Nile’s At the Gate of Sethu finds guitarist Karl Sanders taking his song-craft to the next level, all while retaining the inhuman technicality and Middle Eastern motifs of albums past.

Nile: At the Gate of Sethu (Nuclear Blast, 7/3/12)

Nile: “The Inevitable Degradation of Flesh”

Nile_The_Inevitable_Degradation_of_Flesh

Nile guitarist and occasional vocalist Karl Sanders has been living death metal for as long as the genre has existed. From a brief but storied stint living with Morbid Angel to Nile’s breakthrough in 2000 with Black Seeds of Vengeance, Sanders has been there. It is then all the more remarkable that his songwriting and lead playing have been ratcheted up another notch for Nile’s newest full-length, At the Gate of Sethu.
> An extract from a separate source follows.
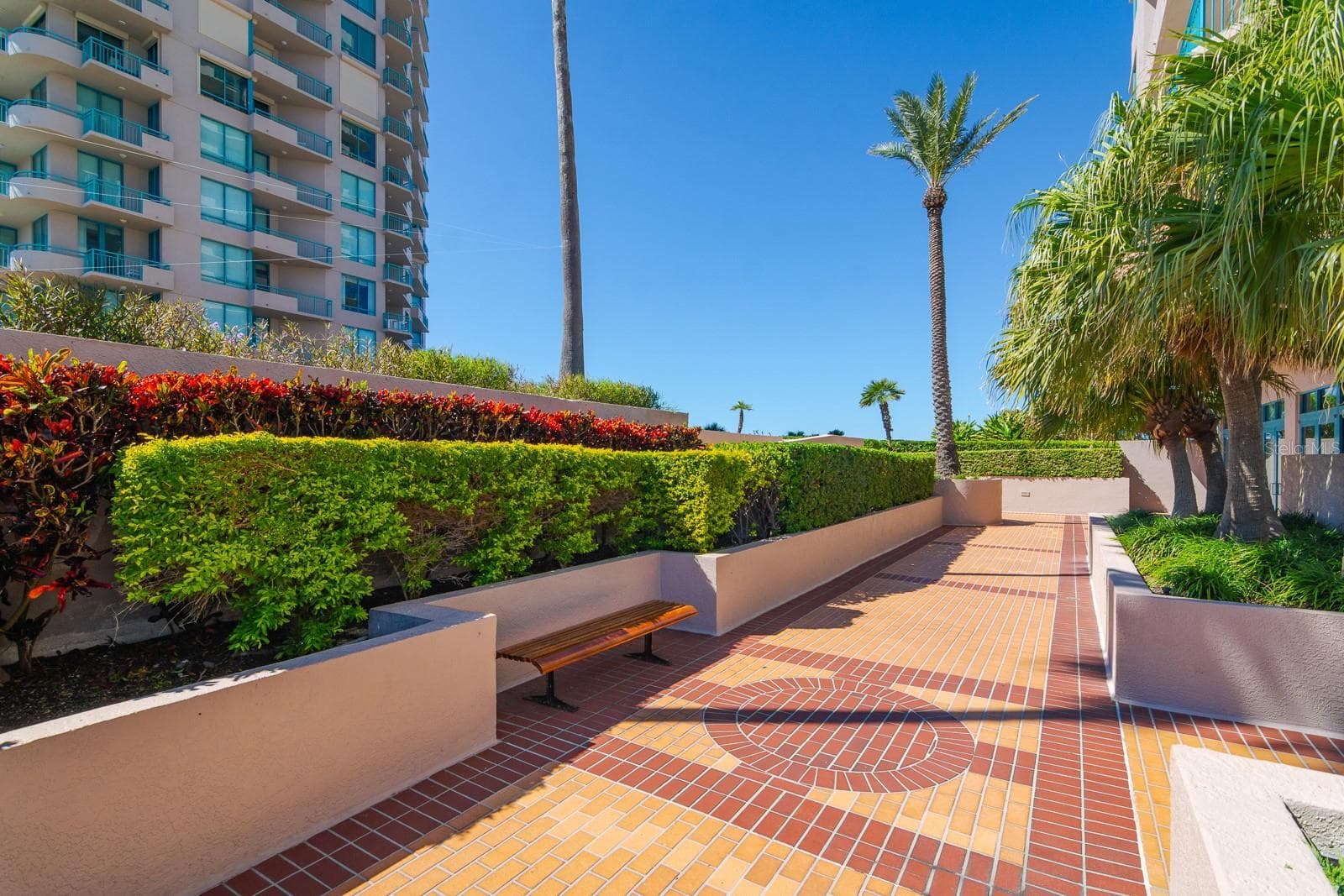 Walking Grounds - 1560 GULF BLVD #1507, CLEARWATER BEACH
Listeners have reasonable expectations of what they’re getting when they pick up a Nile album: guttural voices chanting lyrics based upon ancient Egyptian texts, a torrent of Middle Eastern modal riffing, inhuman drumming with copious cymbal accents, and interludes of melody played on traditional Egyptian instruments. Sethu will not disappoint anyone expecting these things.
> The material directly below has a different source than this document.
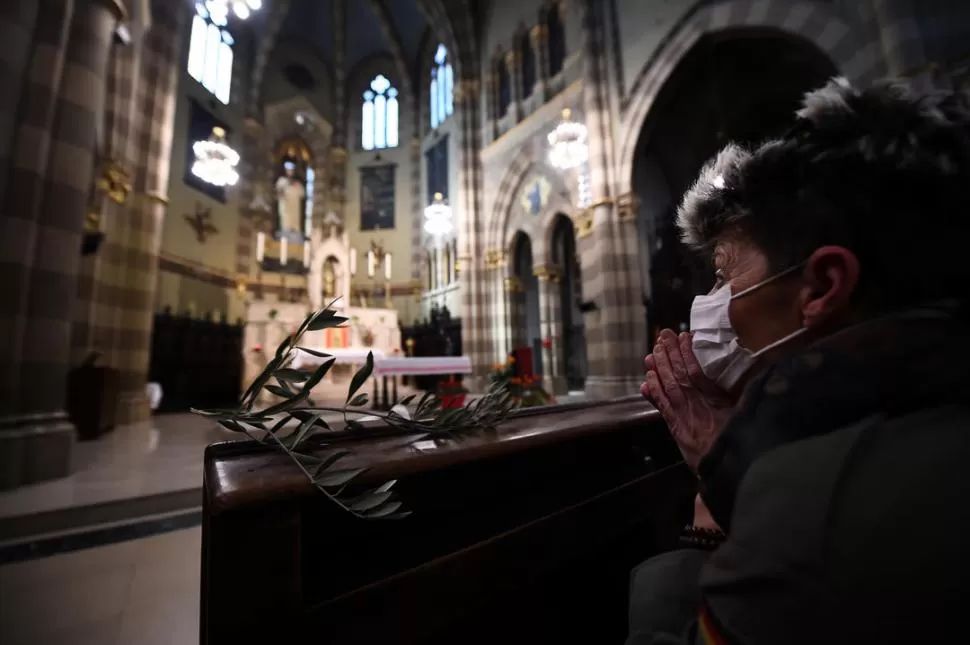 DOMINGO DE RAMOS. La pandemia no impidió que algunos fieles asistieran a la iglesia en Turín, Italia.  reuters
But Nile’s songwriting shows a sharpened focus. Whereas songs on previous albums often have been seasoning on a large riff salad, each track on Sethu is easily discernible. This is a result of a conscious effort to tighten up the songwriting process, one that Sanders has described as a kind of introverted jam session.

Nile fans also may hear a different vocal timbre and assume it’s new bass player Todd Ellis. Instead, it’s actually Sanders, and he describes the new technique as a happy accident of the extensive demoing process.

Though many bands have a period of creative prosperity at the beginning of their careers, and then struggle to maintain the status quo afterward, Nile has shown impressive creative and technical progress on its seventh full-length album.